— Dataset section —

· · · · · · ·

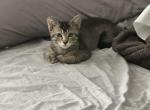 Cora - Domestic Kitten For Sale - 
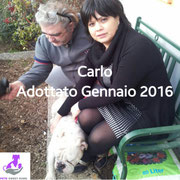 pets weet home perugia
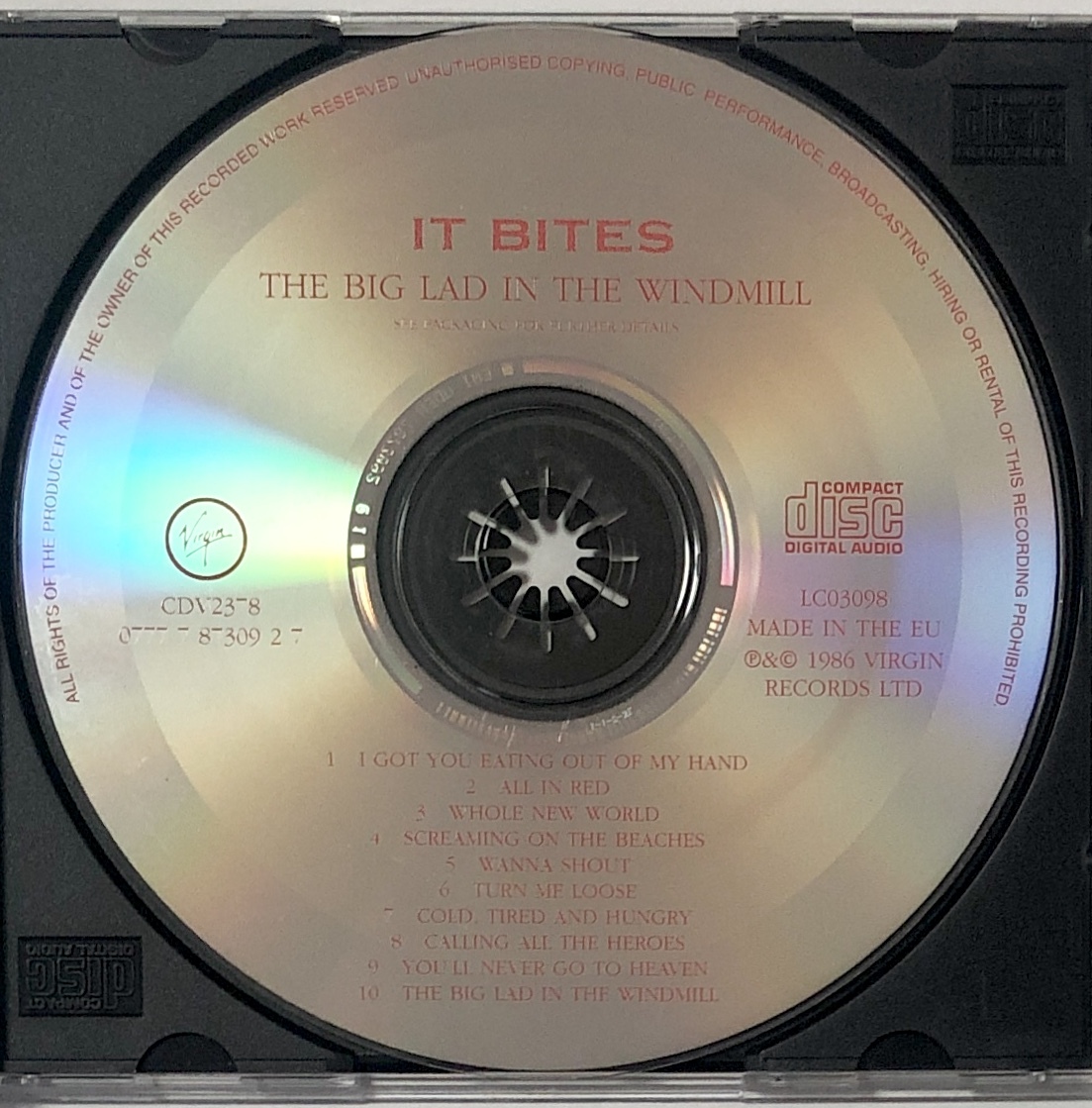 輸入盤 CD イット・バイツ ザ・ビッグ・ラド・イン・ザ・ウィンドミル 痛みあり It Bites The Big Lad in The Windmill プログレの画像5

· · · · · · ·

— About this exercise —
Reproduce every line above exactly, pictures excluded.

— Solution to the problem —
 Cora - Domestic Kitten For Sale - 
 pets weet home perugia
 輸入盤 CD イット・バイツ ザ・ビッグ・ラド・イン・ザ・ウィンドミル 痛みあり It Bites The Big Lad in The Windmill プログレの画像5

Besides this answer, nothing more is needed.